Tesla has fundamentally redesigned the way that its battery packs integrate into their vehicles, turning them into structural elements of the car, rather than just fuel sources on their own. At Tesla’s Battery Day event on Tuesday, Elon Musk compared this to how commercial aircraft used to load fuel into tanks that were contained within […]

Tesla has fundamentally redesigned the way that its battery packs integrate into their vehicles, turning them into structural elements of the car, rather than just fuel sources on their own. At Tesla’s Battery Day event on Tuesday, Elon Musk compared this to how commercial aircraft used to load fuel into tanks that were contained within the wings, but that were essentially bolted onto internal structure – later on, they realized much greater efficiencies in how much fuel could be carried, as well as weight and parts usage by making the wing bodies actual fuel tanks themselves.

“All modern airplanes, the fuel tank, your wing is just a a fuel tank and wing shape,” he said. “This is absolutely the way to do it. And then the fuel tank serves as dual structure, and it’s no longer cargo. It’s fundamental to the structure of the aircraft – this was a major breakthrough. We’re doing the same for cars.”

By turning the battery cell into a structural component of the vehicle, Musk pointed out that they can actually save more mass overall in the car then you would assume on paper if you just took out the structural supports in the battery cells as they currently exist. That’s because the battery itself is doing a lot of that support work – which, he points out, actually makes the overall vehicle safer, which might seem counterintuitive.

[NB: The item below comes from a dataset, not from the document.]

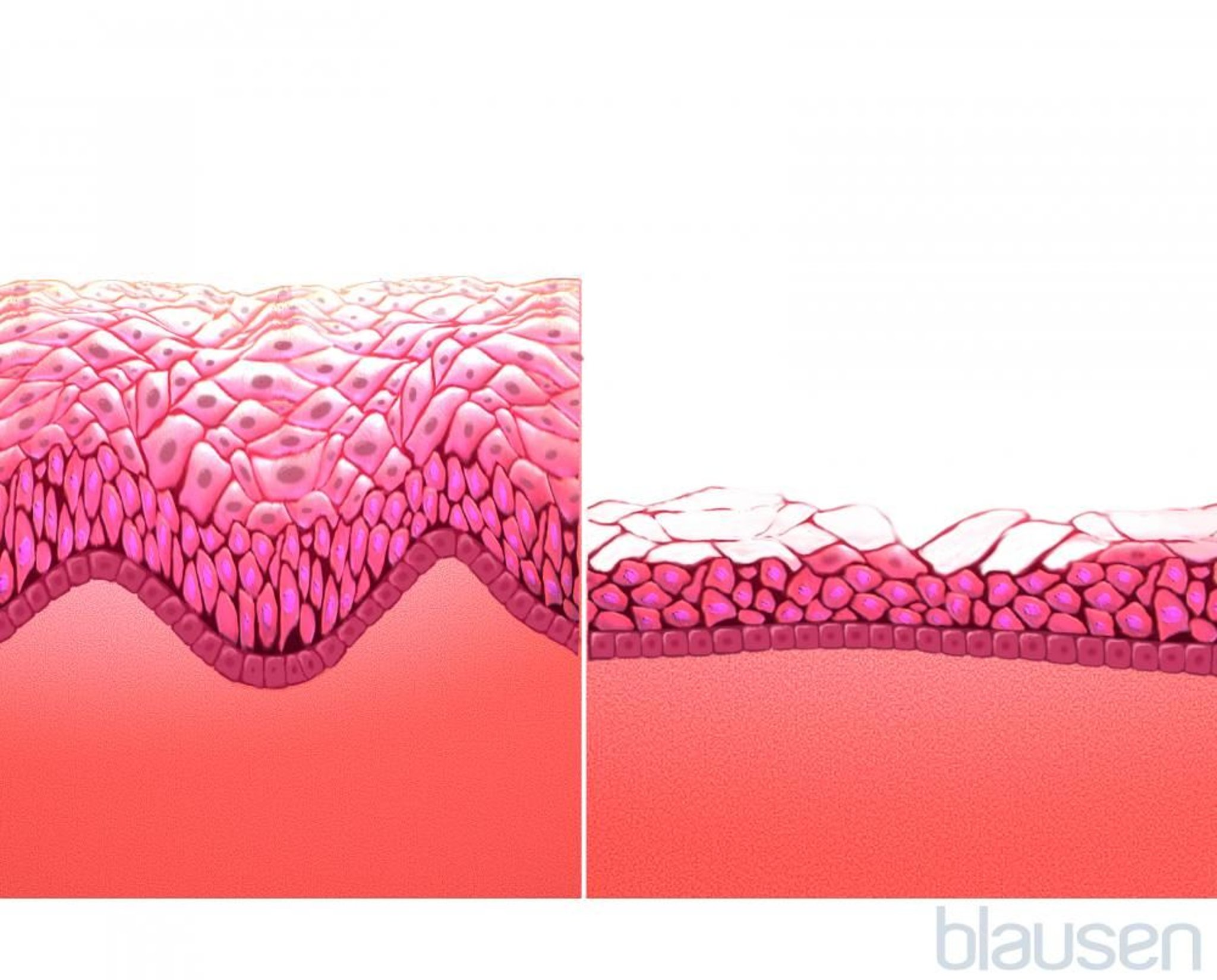 Mucosa vaginal (antes y después de la menopausia)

Tesla will achieve this by creating a filler that is also a structural adhesive, and that also acts as a flame retardant. It “effectively glues the cells to the top and bottom sheet, and this allows you to do shear transfer between upper and lower sheets,” Musk said.

“This gives you incredible stiffness, and it’s really the way that any super fast thing works is you create a basically a honeycomb sandwich with two phase sheets,” he’ said. “This is actually even better than what aircraft do because they can’t do this because fuel is liquid.”

The end result of this will be that a structure that enables Tesla’s cars to be much stiffer than any regular cars. That stiffer design is better for safety overall, and also means that the batteries will be more efficient, while also avoiding any “arbitrary point loads” of strain or stress on the battery cell itself.

It also allows us to use to move the cells closer to the center of the car, because we don’t have […] sort of all the supports and stuff,” he said. “So, the volumetric efficiency of the structural pack is much better than a non structural pack. And we actually bring cells closer to the center.”

This reduces the potential of side impacts from collisions actually reaching the cells, which means they should be less susceptible to sustaining the kind of damage that can result in battery-related fires. It will also “improve the polar moment of inertia,” Musk said, which basically translates to better overall maneuvering of the vehicle and driving and handling feel.

Finally, there are 370 fewer parts in the structural battery design vs. the current Tesla battery cell design, which greatly reduces cost as well as potential failure points. That’s going to add up to a lot of manufacturing savings, per Musk, and will stack with the other battery innovations he unveiled.